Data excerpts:
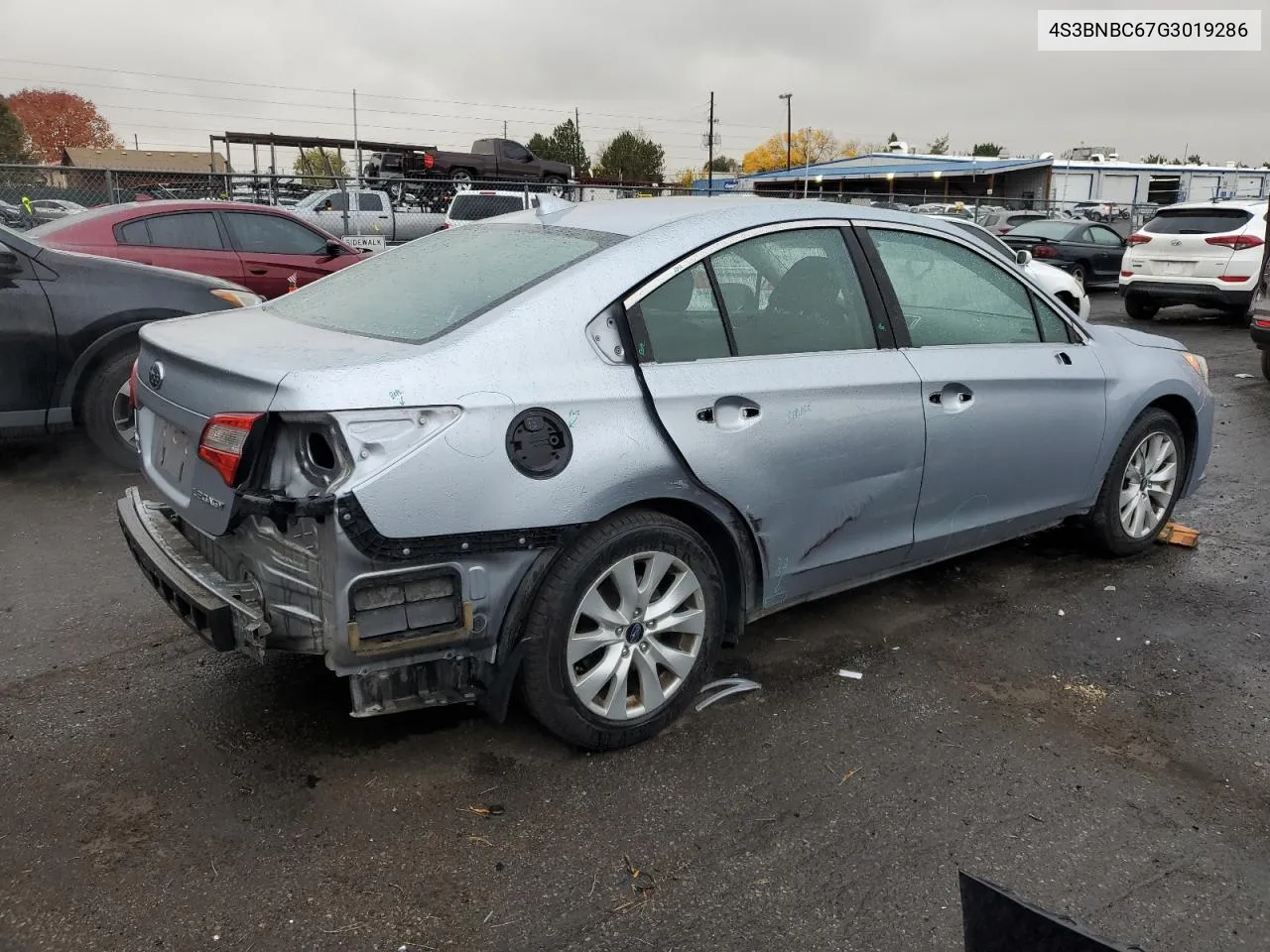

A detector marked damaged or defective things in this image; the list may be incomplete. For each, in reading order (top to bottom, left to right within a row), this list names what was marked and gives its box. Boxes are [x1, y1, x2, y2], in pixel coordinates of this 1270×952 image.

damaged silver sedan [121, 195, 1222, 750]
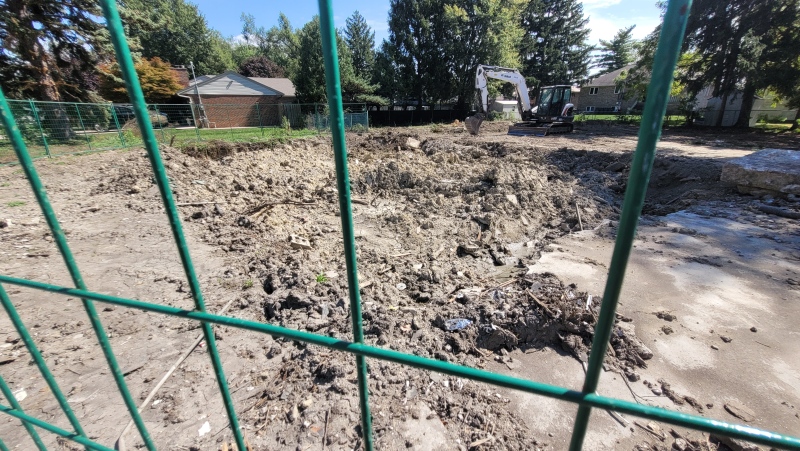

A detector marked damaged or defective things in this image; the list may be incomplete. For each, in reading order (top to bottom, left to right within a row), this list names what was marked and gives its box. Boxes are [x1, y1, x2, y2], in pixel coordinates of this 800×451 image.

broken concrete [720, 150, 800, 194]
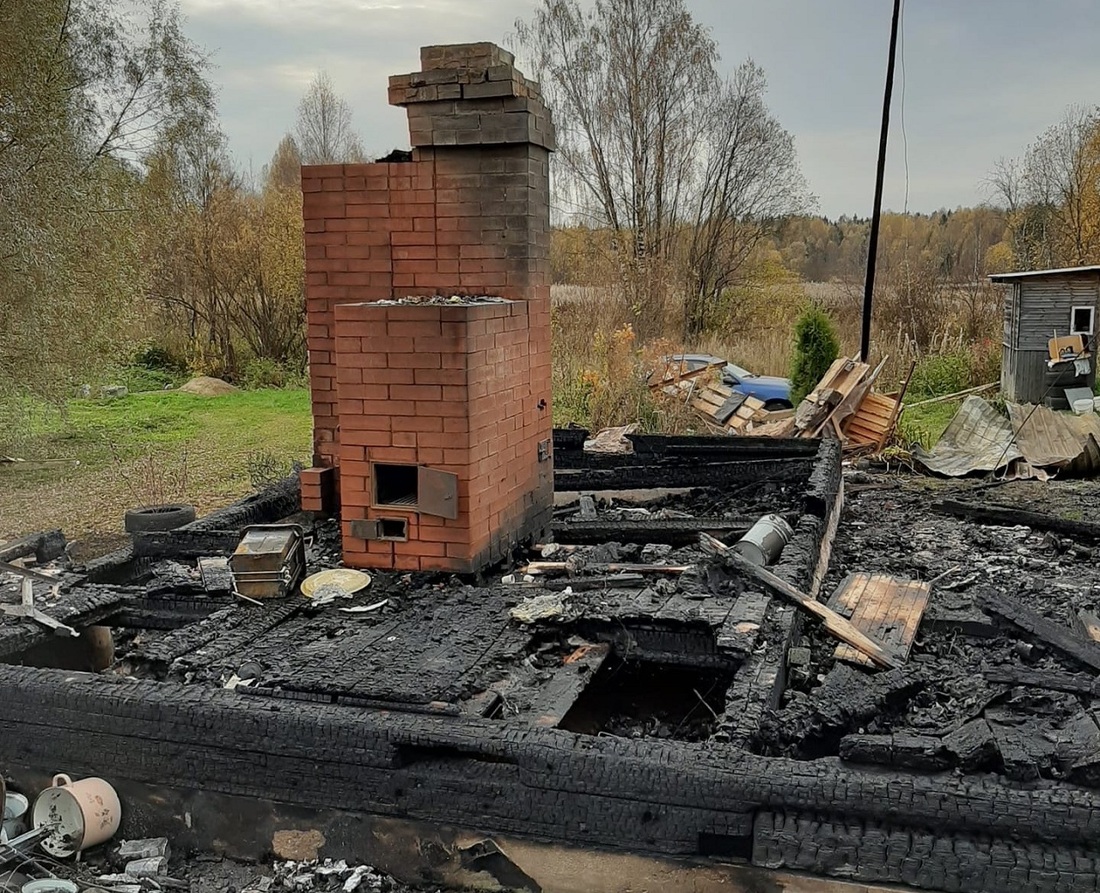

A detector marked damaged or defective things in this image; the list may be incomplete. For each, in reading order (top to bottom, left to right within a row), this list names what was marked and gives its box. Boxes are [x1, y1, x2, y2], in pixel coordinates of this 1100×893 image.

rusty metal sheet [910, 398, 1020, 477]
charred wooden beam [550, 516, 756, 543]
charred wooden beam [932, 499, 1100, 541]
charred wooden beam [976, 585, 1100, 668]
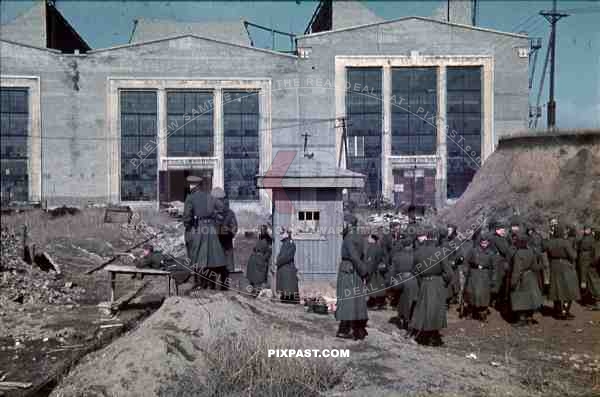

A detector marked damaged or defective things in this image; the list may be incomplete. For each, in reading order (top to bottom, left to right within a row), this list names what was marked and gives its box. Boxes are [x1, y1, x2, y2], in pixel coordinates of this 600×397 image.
--
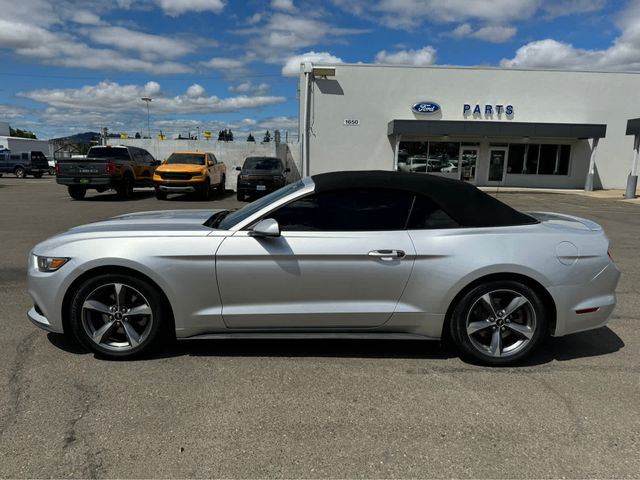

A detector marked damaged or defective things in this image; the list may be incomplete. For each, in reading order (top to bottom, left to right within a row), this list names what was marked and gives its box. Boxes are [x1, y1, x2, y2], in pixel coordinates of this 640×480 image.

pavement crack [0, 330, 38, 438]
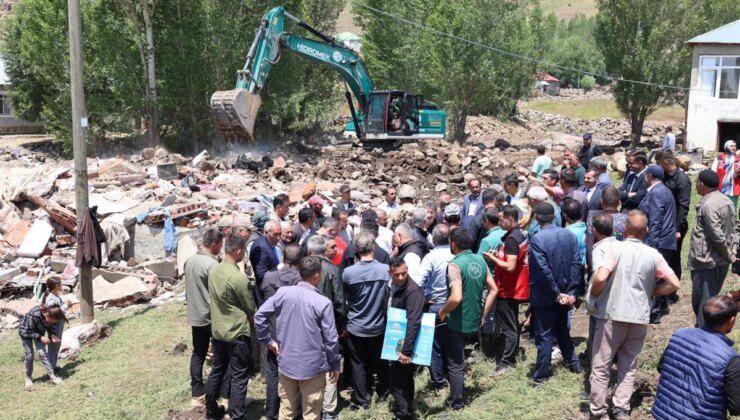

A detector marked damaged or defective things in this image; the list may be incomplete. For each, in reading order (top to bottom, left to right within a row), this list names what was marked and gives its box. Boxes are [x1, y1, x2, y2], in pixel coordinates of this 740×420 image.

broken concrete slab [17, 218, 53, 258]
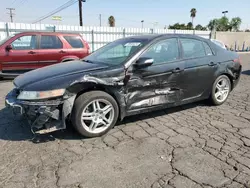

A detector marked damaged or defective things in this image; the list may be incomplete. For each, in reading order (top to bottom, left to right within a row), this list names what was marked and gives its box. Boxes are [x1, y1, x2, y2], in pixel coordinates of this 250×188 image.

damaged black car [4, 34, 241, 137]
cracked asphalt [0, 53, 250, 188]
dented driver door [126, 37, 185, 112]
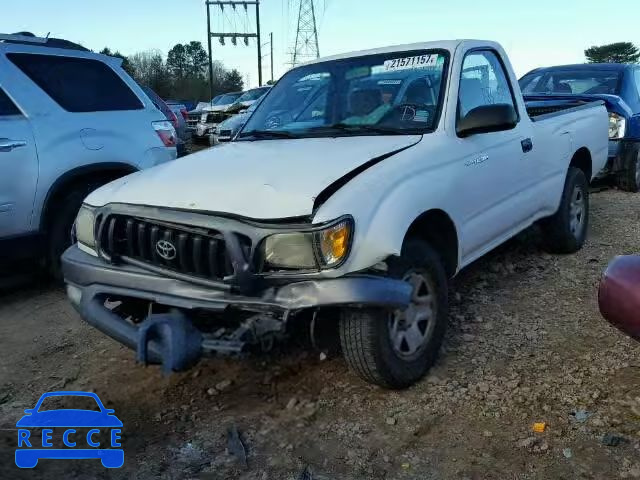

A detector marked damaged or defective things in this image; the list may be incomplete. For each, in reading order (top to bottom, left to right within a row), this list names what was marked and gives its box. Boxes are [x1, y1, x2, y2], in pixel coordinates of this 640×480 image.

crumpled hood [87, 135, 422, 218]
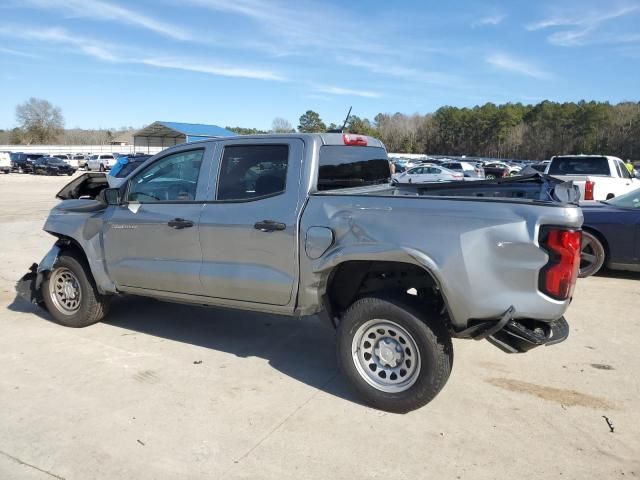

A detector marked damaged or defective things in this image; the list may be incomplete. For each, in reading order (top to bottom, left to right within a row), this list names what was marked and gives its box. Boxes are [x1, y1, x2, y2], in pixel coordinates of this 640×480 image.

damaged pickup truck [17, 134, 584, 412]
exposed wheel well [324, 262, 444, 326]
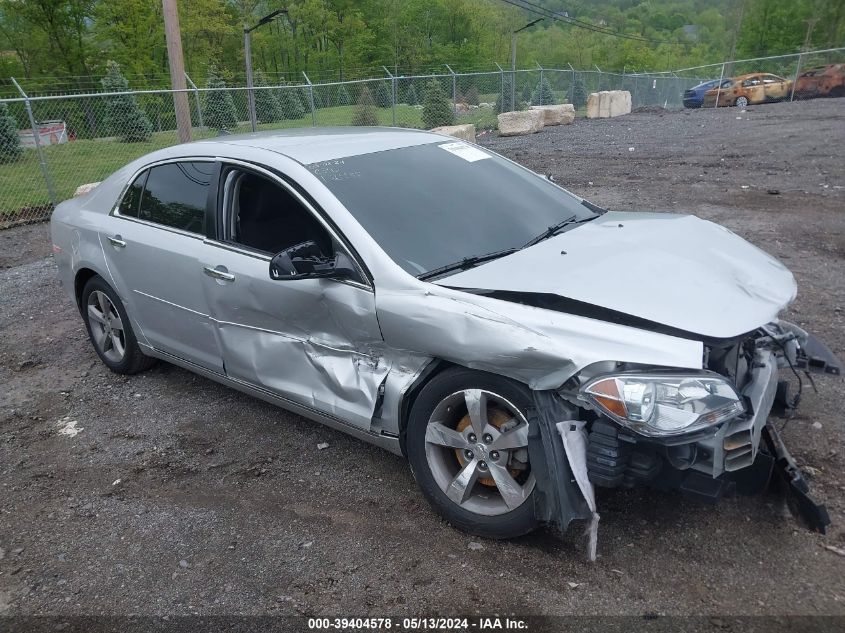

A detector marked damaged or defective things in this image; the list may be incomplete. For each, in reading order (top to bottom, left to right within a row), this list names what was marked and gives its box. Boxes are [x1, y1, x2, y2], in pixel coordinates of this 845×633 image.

### Exercise
Look above for the line with "this 250×188 image." and the line with "this 845×633 image.". Give again exactly those two lines and all lines between them, pictures excluded.

### Expected answer
A detector marked damaged or defective things in this image; the list may be incomplete. For each, in reading order (top to bottom, left to right within a row), this list names what was marked and gives its box. Boxes are [x1, y1, x2, y2], in pixel coordinates of this 250×188 image.

damaged black car [4, 34, 241, 137]
cracked asphalt [0, 53, 250, 188]
dented driver door [126, 37, 185, 112]

A detector marked damaged or defective things in this image; the list may be incomplete. For each, in reading order (top to bottom, left to right within a row), this list names what was marked and gives its box. Boxes are [x1, y1, x2, y2], in pixel coordinates of this 640×480 image.

crumpled hood [87, 135, 422, 218]

A detector marked damaged or defective things in this image; the list may be incomplete. For each, in reading order (top to bottom, left to right within a row), this list names what was marked and gives its box. Boxes are [x1, y1, x2, y2], in pixel coordinates of this 640×480 image.

damaged pickup truck [17, 134, 584, 412]
exposed wheel well [324, 262, 444, 326]

A detector marked damaged or defective things in this image; the list may be incomplete. For each, in reading order (top to bottom, left to right within a row), this list names what was marked and gives its box. Boxes are [x1, y1, x2, y2], in pixel coordinates of this 845×633 image.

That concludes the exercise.